Continuation Statement

Continuation Statement

A continuation statement is an amendment attached to a UCC-1 financing statement. Continuations statements are also referred to as UCC-3 continuations statements because they refer to the Uniform Commercial Code (UCC), a set of regulations that govern commercial transactions. Continuation statements must be filed in the six months prior to a UCC-1 financing statement's expiration. When a lender files a continuation statement, the continuation statement extends the UCC-1 financing statement by five years from the date of filing. If a lender has not filed a continuation statement for a specific financing statement, that statement ceases to be effective. Bank A files a continuation statement on Jan. 31, 2018, after the lapsing of its financing statement, and claiming the tractor as collateral.

Continuation statements are statements that extend the lender's lien on a borrower's collateral past the original expiration date.

What Is a Continuation Statement?

A continuation statement is an amendment attached to a UCC-1 financing statement. Continuation statements extend the lender's lien on the borrower's collateral past the original financing statement's expiration date. When a lender files a continuation statement, the continuation statement extends the UCC-1 financing statement by five years from the date of filing.

Continuation statements need to be filed with the appropriate authority, which varies based on the jurisdiction. However, generally they must be filed with the secretary of state.

Continuation statements are statements that extend the lender's lien on a borrower's collateral past the original expiration date.
They help lenders maintain a priority position to collect debt.
Continuations statements are also referred to as UCC-3 continuations statements because they refer to the Uniform Commercial Code (UCC), a set of regulations that govern commercial transactions.

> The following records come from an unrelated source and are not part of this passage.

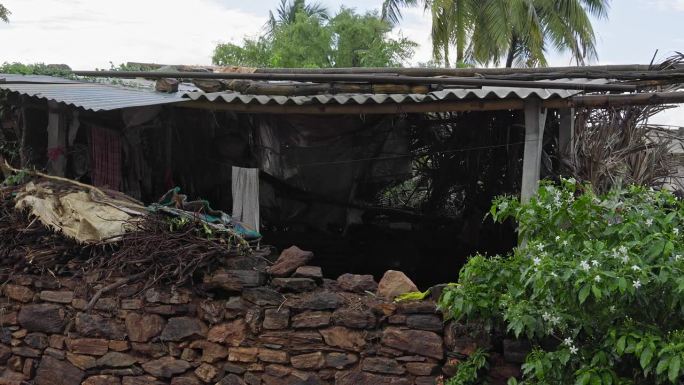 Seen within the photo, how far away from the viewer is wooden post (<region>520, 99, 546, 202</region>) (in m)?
5.71

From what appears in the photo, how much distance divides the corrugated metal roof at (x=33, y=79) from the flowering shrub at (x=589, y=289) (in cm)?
450

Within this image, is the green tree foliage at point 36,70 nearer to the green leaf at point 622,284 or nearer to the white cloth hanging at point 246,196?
the white cloth hanging at point 246,196

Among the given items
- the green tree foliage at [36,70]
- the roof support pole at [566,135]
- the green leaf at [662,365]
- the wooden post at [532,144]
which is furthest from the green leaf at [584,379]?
the green tree foliage at [36,70]

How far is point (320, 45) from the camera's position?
23500 mm

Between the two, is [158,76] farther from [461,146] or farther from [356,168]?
[461,146]

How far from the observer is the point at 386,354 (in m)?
5.26

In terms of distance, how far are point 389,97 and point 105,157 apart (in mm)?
2669

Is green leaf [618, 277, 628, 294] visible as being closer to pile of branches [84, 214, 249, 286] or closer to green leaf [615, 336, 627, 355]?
green leaf [615, 336, 627, 355]

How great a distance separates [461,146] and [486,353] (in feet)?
8.76

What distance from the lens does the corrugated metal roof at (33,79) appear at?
7.23 metres

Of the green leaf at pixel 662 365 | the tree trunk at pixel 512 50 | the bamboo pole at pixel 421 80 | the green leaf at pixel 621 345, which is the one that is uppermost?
the tree trunk at pixel 512 50

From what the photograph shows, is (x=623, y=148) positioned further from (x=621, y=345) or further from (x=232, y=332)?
(x=232, y=332)

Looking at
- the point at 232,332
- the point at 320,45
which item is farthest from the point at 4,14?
the point at 232,332

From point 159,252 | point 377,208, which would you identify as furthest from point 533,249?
point 377,208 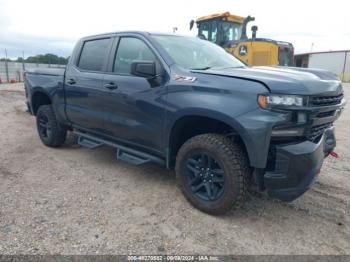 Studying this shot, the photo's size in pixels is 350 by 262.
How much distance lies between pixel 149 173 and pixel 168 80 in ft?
5.19

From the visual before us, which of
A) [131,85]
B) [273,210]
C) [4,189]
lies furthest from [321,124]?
[4,189]

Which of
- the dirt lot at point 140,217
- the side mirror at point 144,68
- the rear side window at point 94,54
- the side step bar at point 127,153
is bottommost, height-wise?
the dirt lot at point 140,217

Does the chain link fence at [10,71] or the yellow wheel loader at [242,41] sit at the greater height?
the yellow wheel loader at [242,41]

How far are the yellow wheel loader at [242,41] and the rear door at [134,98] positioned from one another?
720 centimetres

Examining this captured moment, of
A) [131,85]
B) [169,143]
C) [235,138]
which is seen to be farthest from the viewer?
[131,85]

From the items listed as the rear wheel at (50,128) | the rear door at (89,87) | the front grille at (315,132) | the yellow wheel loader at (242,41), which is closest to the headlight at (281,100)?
the front grille at (315,132)

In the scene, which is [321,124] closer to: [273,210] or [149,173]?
[273,210]

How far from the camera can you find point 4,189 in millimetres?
3898

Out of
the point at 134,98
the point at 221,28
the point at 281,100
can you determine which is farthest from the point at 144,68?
the point at 221,28

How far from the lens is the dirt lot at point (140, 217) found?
111 inches

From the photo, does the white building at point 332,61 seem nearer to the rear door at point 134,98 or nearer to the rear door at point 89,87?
the rear door at point 89,87

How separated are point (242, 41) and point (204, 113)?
863 cm

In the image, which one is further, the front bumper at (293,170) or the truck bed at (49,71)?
the truck bed at (49,71)

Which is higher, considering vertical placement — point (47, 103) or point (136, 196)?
point (47, 103) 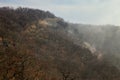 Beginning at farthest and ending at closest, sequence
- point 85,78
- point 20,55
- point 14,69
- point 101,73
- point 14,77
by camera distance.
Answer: point 101,73 → point 85,78 → point 20,55 → point 14,69 → point 14,77

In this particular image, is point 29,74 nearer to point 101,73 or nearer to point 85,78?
point 85,78

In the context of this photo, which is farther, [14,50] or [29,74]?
[14,50]

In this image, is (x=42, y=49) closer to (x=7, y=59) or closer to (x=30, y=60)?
(x=30, y=60)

Understanding Continuation Statement

Continuation statements must be filed in the six months prior to a UCC-1 financing statement's expiration. Statements filed outside of this window are refused, whether they're filed too early or too late. Thus, lenders must keep track of when their financing statements expire, in order to avoid missing their opportunity to extend them.

When a lender files a continuations statement, they need to identify the initial UCC-1 financing statement that it amends. If necessary, a lender files additional continuation statements to extend the financing statement for additional periods of five years.

Some people call continuation statements UCC-3 continuations statements, because they refer to the Uniform Commercial Code (UCC), which is a set of regulations that govern commercial transactions. This code tries to simplify and clarify the laws around commercial transactions and make them consistent across jurisdictions. The UCC states that a lender's lien on a borrower's collateral ends after a period of five years. However, if the loan in question extends for longer than five years, the lender generally files a continuation statement for their own protection.

Why File a Continuation Statement?

Continuation statements protect lenders by helping them to maintain a priority position in the event that they need to collect a debt. Often, borrowers default on multiple debts at once, due to financial hardship or simply because they've taken on too many loans. When this happens, multiple creditors often attempt to collect on those debts at once.

If a lender has not filed a continuation statement for a specific financing statement, that statement ceases to be effective. Once it is no longer effective, other lenders who have filed financing statements gain priority status when seeking to collect on a debt.

Some transactions with financing statements do not require continuation statements in order to last for longer than five years. For example, a financing statement filed in connection with a public-finance transaction or a manufactured home sometimes lasts for 30 years.

Example of Continuation Statement

Bank A extends a $100,000 loan to a farmer with his tractor as collateral on Jan. 1, 2015. While the institution files a three-year financing statement, it forgets to file a continuation statement. Three years later, the farmer, who still has not paid back his loan in full, puts up the tractor as collateral with Bank B. Bank A files a continuation statement on Jan. 31, 2018, after the lapsing of its financing statement, and claiming the tractor as collateral. However, the court decides that Bank B gets precedence over Bank A in claiming the tractor as collateral.